**Available records**
# # #
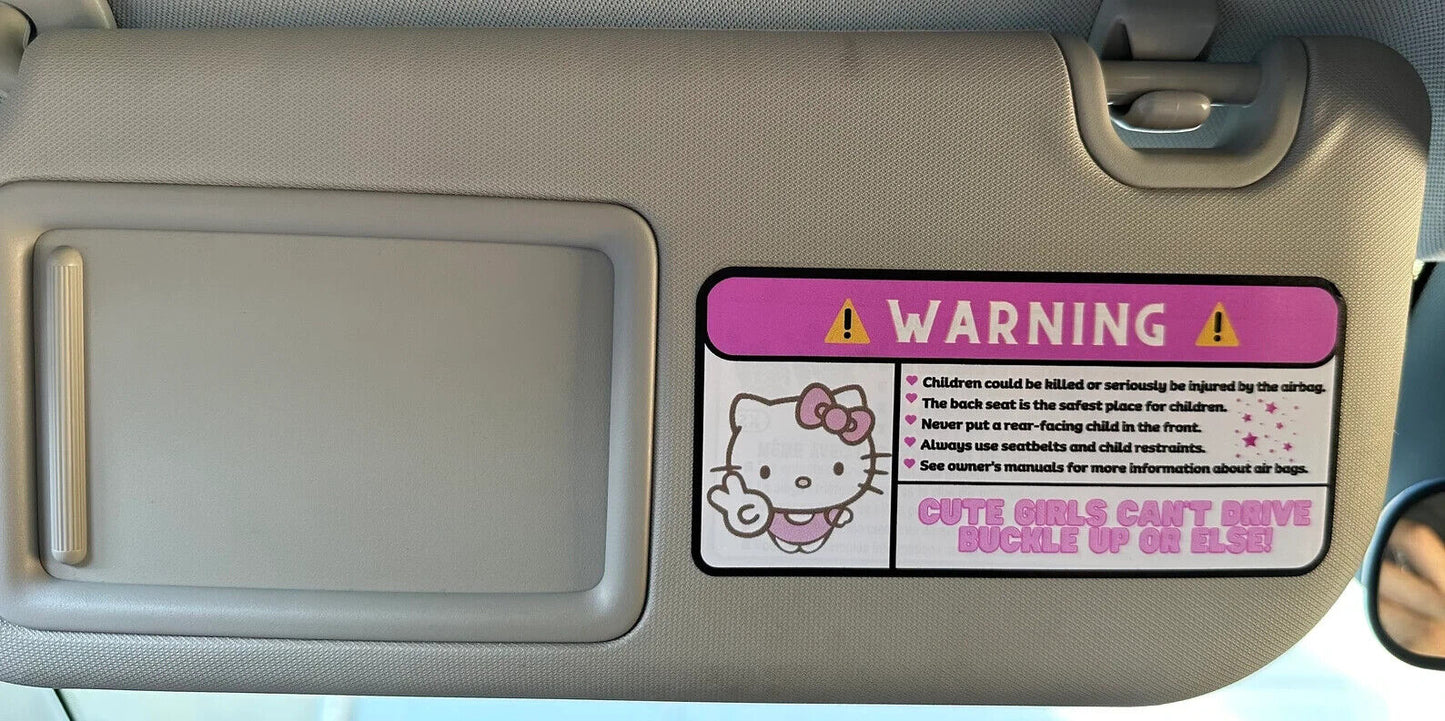 US Seller  Cinnamoroll Funny Car Airbag Warning Stickers Kuromi Kirby Badtz maru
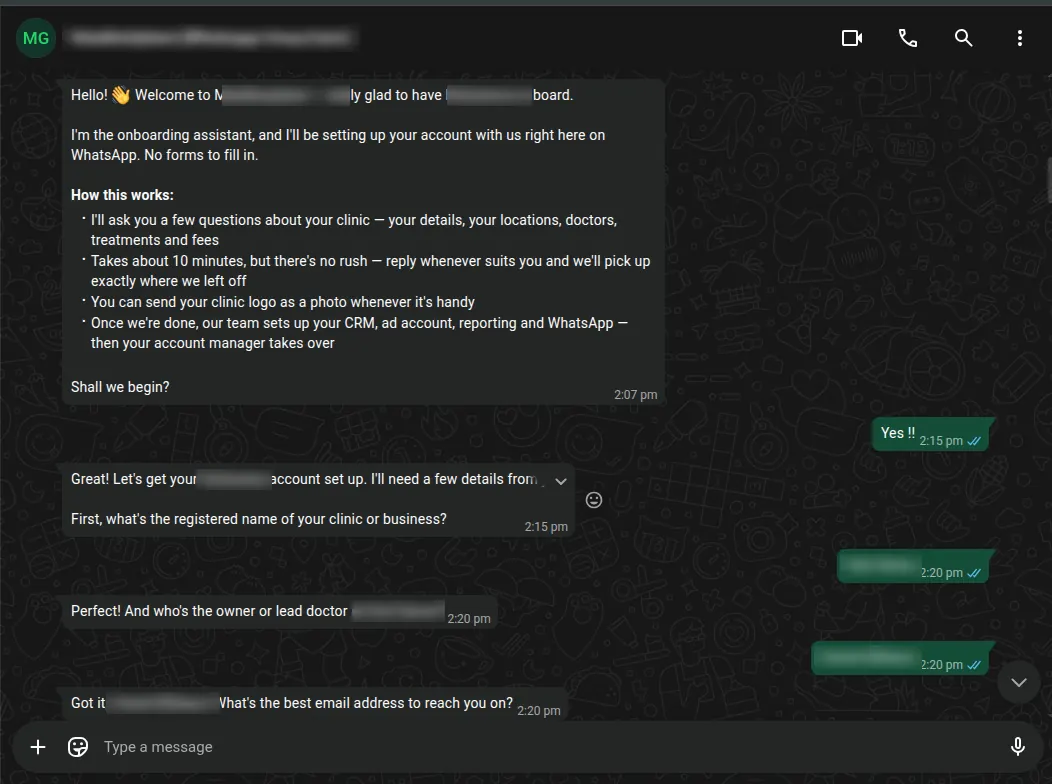 WhatsApp: the agent opens with what it will ask and how long it takes, then begins collecting the business name and owner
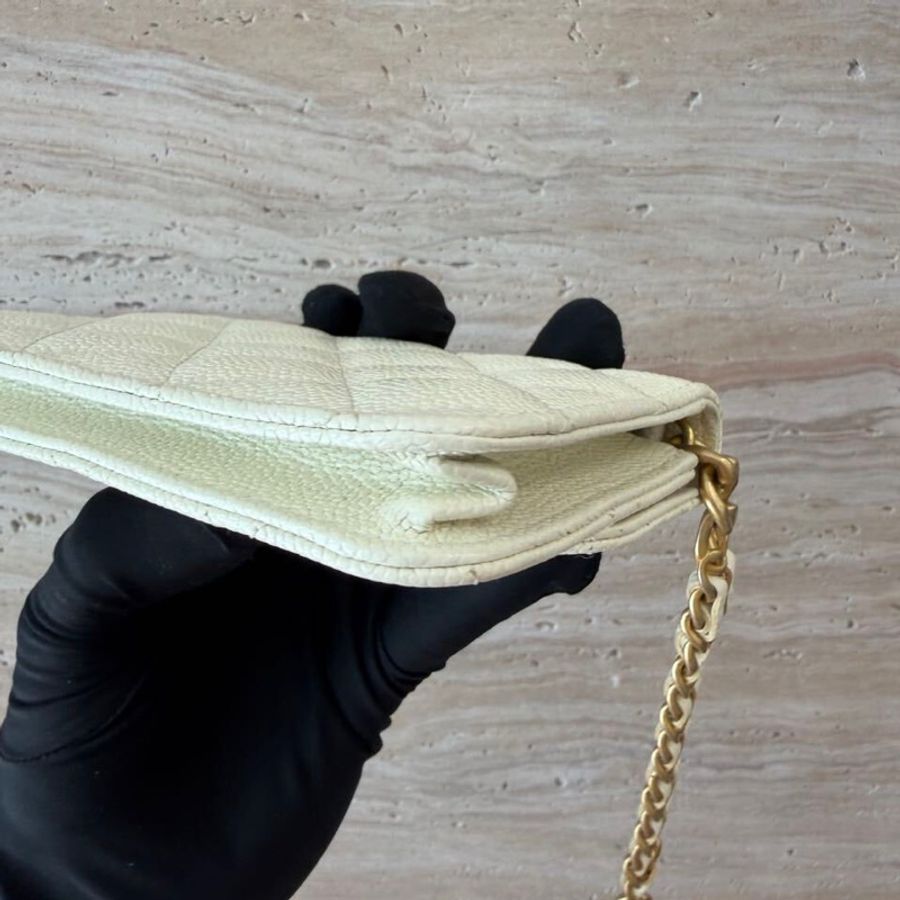 【97新 ✨ 全網最低價！】 🌸 A級Chanel/香奈兒22P白色寬鏈條mini woc金扣荔枝皮(下單前先詢問庫存❗️❗️）-8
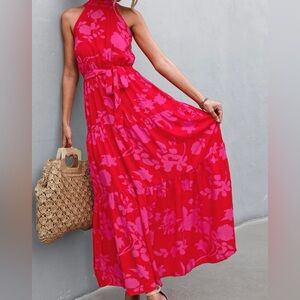 Floral Print Ruffle Hem Halter Dress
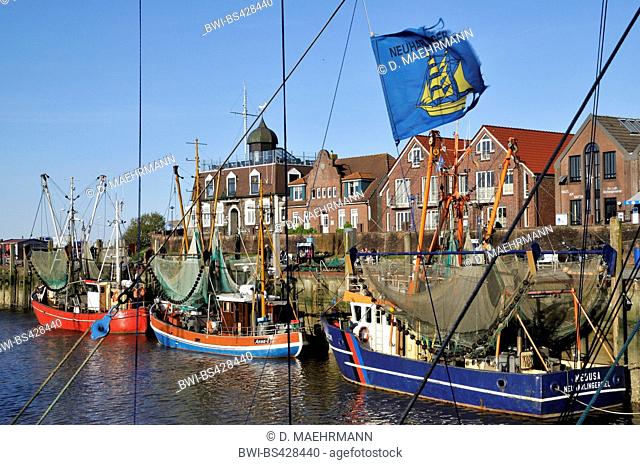 shrimp boats in the port Neuharlingersiel, Germany, Lower Saxony, East Frisia, Neuharlingersiel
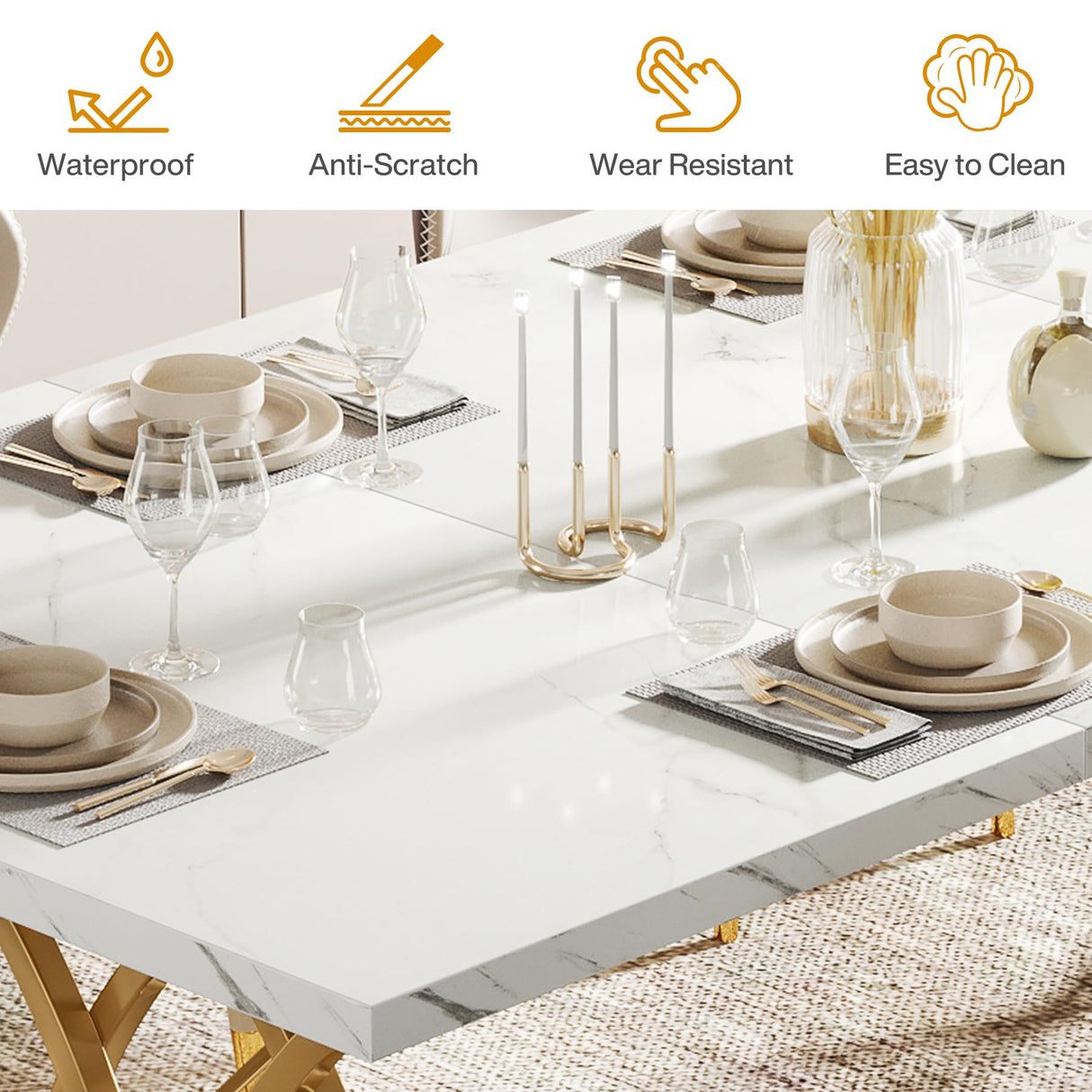 Tribesigns Modern Dining Table, 63" Large Kitchen Table for 4-6 People, Unique Rectangular Dinner Table Kitchen & Dining Room Furniture with Faux Marble Tabletop and Geometric Legs Tribesigns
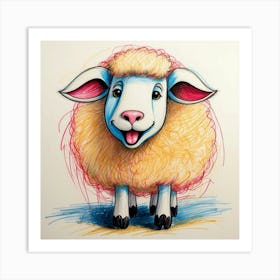 Sheep Drawing Art Print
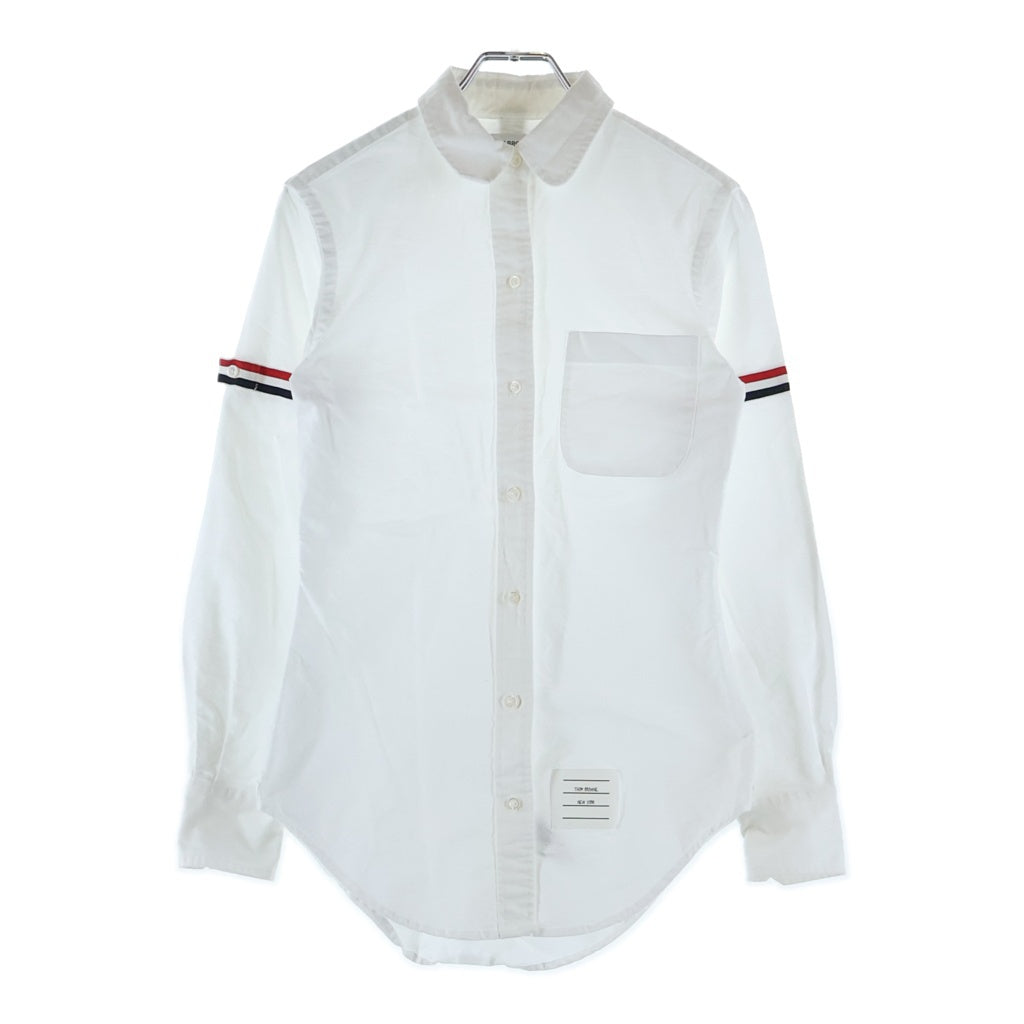 THOM BROWNE(トムブラウン) Tricolor Oxford L/S Shirt トリコロール オックスフォード 長袖シャツ ホワイト FLL019E-F0313 レディース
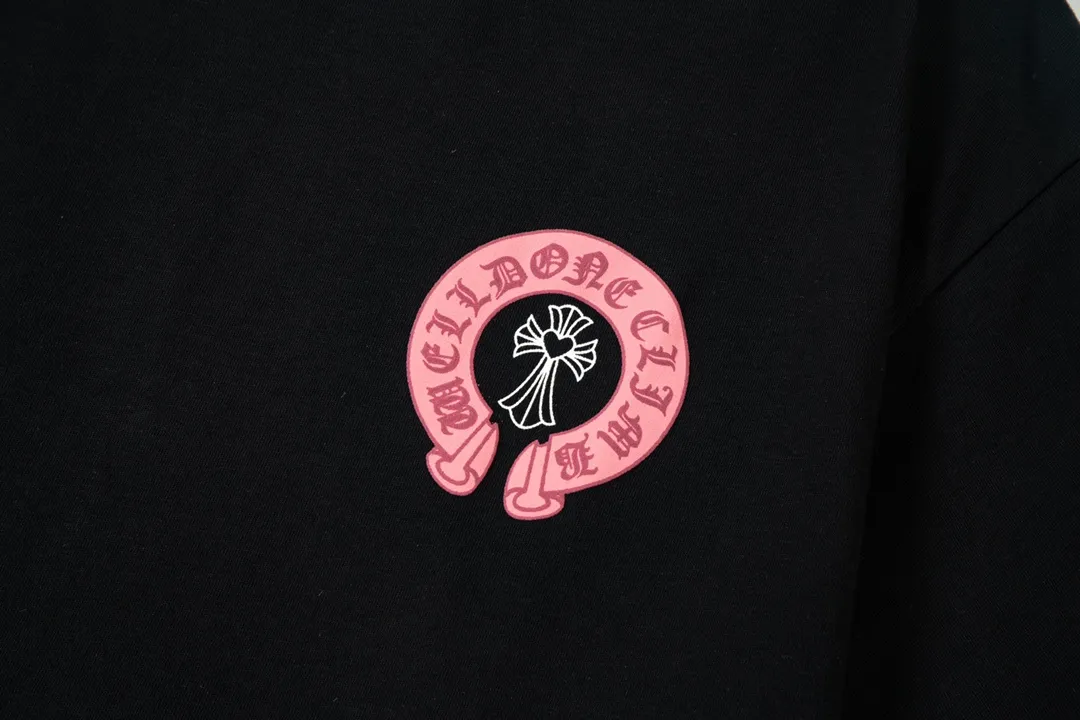 Chrome Hearts/ Pink Logo Same Style T Versatile : Black Size：XS~L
# # #
**What is needed**
Would you output all of the entries above exactly, keeping the pictures out?

**Written answer**
 US Seller  Cinnamoroll Funny Car Airbag Warning Stickers Kuromi Kirby Badtz maru
 WhatsApp: the agent opens with what it will ask and how long it takes, then begins collecting the business name and owner
 【97新 ✨ 全網最低價！】 🌸 A級Chanel/香奈兒22P白色寬鏈條mini woc金扣荔枝皮(下單前先詢問庫存❗️❗️）-8
 Floral Print Ruffle Hem Halter Dress
 shrimp boats in the port Neuharlingersiel, Germany, Lower Saxony, East Frisia, Neuharlingersiel
 Tribesigns Modern Dining Table, 63" Large Kitchen Table for 4-6 People, Unique Rectangular Dinner Table Kitchen & Dining Room Furniture with Faux Marble Tabletop and Geometric Legs Tribesigns
 Sheep Drawing Art Print
 THOM BROWNE(トムブラウン) Tricolor Oxford L/S Shirt トリコロール オックスフォード 長袖シャツ ホワイト FLL019E-F0313 レディース
 Chrome Hearts/ Pink Logo Same Style T Versatile : Black Size：XS~L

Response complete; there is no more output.